Number Of Ingredients 11
Steps:
- In a large bowl, cream butter and sugars until light and fluffy, 5-7 minutes. Beat in egg. Combine the flour, baking soda, salt, cinnamon and cloves; gradually add to creamed mixture and mix well. Stir in pecans and aniseed. , Shape into two 10-in. rolls; wrap each in waxed paper. Refrigerate for 4 hours., Preheat oven to 375°. Unwrap dough; cut 1/4 in. off the ends of each roll. Cut dough into 1/4-in. slices. Place 2 in. apart on ungreased baking sheets. Bake 8-10 minutes or until golden brown. Remove to wire racks to cool.
Nutrition Facts : Calories 74 calories, Fat 4g fat (2g saturated fat), Cholesterol 10mg cholesterol, Sodium 61mg sodium, Carbohydrate 10g carbohydrate (6g sugars, Fiber 0 fiber), Protein 1g protein.
Tips:
- Chill the dough: Chilling the dough before baking helps to prevent the cookies from spreading too much in the oven. This will result in a thicker, chewier cookie.

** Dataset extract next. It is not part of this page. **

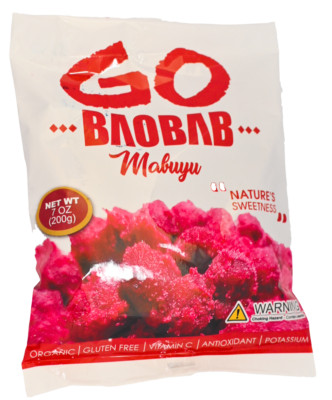 Ubuyu Go Baobab  (Mabuyu)200grams Bulk (9pieces)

- Don't overmix the dough: Overmixing the dough will make the cookies tough. Mix just until the ingredients are combined.
- Use a cookie scoop: A cookie scoop is a great way to ensure that all of your cookies are the same size and shape. This will help them to bake evenly.
- Bake the cookies until they are just set: The cookies should be slightly soft in the center when you take them out of the oven. They will continue to firm up as they cool.
- Let the cookies cool completely: Once the cookies are baked, let them cool completely on a wire rack before you ice them. This will help the icing to set properly.
Conclusion:
These iced anise cookies are a delicious and festive treat that are perfect for any occasion. They are easy to make and can be decorated with a variety of colors and sprinkles. Whether you are baking them for a holiday party or just for a snack, these cookies are sure to please everyone.